The whacked out stripes created confusion in the minds of all who viewed me in the bathing suit. One saw the stripes and questioned their very existence. Is that her waste? Is that a roll? Is that a white stripe or a black stripe? I also reclined on a striped towel thus completely stupefying anyone who saw me in this number. I had many people say.. I like your bathing suit? (upward inflect that bathing suit and you’ll get a sense of how I know my plan to confuse worked brilliantly)
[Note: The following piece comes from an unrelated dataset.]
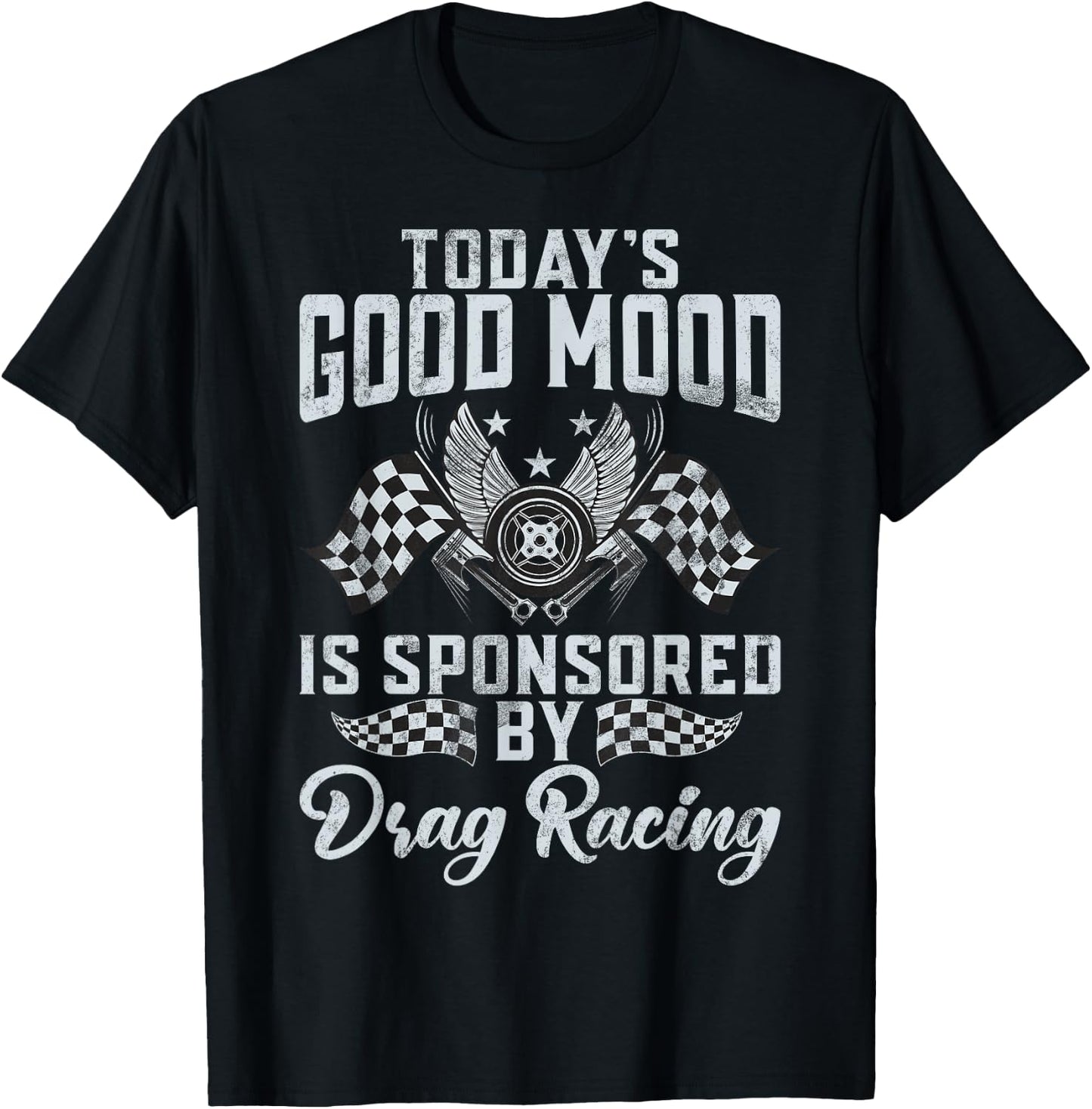 Todays good Mood is sponsored by Drag Racing T-Shirt - T-Shirt | Black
In addition to confusing other poolside vacationers with my striped suit I felt fairly safe near sharks. Back in the 1970s I recall learning from the Mutual of Omaha’s Wild Kingdom that sharks get muddled when they observe striped sea life. So one garment rendered me safe from sharks AND judgement. Pretty good.
And before you get all “that suit’s tiny” you should know it’s not. I don’t quite fit in it either. (There was a lot of tucking of stuff going on in between Mai Tais.) If you’re looking to buy this beauty for yourself I got it at Target and it was the last larger size of this style I could find. Happy hunting land sharks.
P.S. This suit worked so well that I’m seriously considering designing a bathing suit line with “eyeball confuser” as my style guide. The suits would be paired with Magic Eye towels so that other beach goers wouldn’t know what the hell hit them. It’s much easier to give other people headaches than actually diet I think!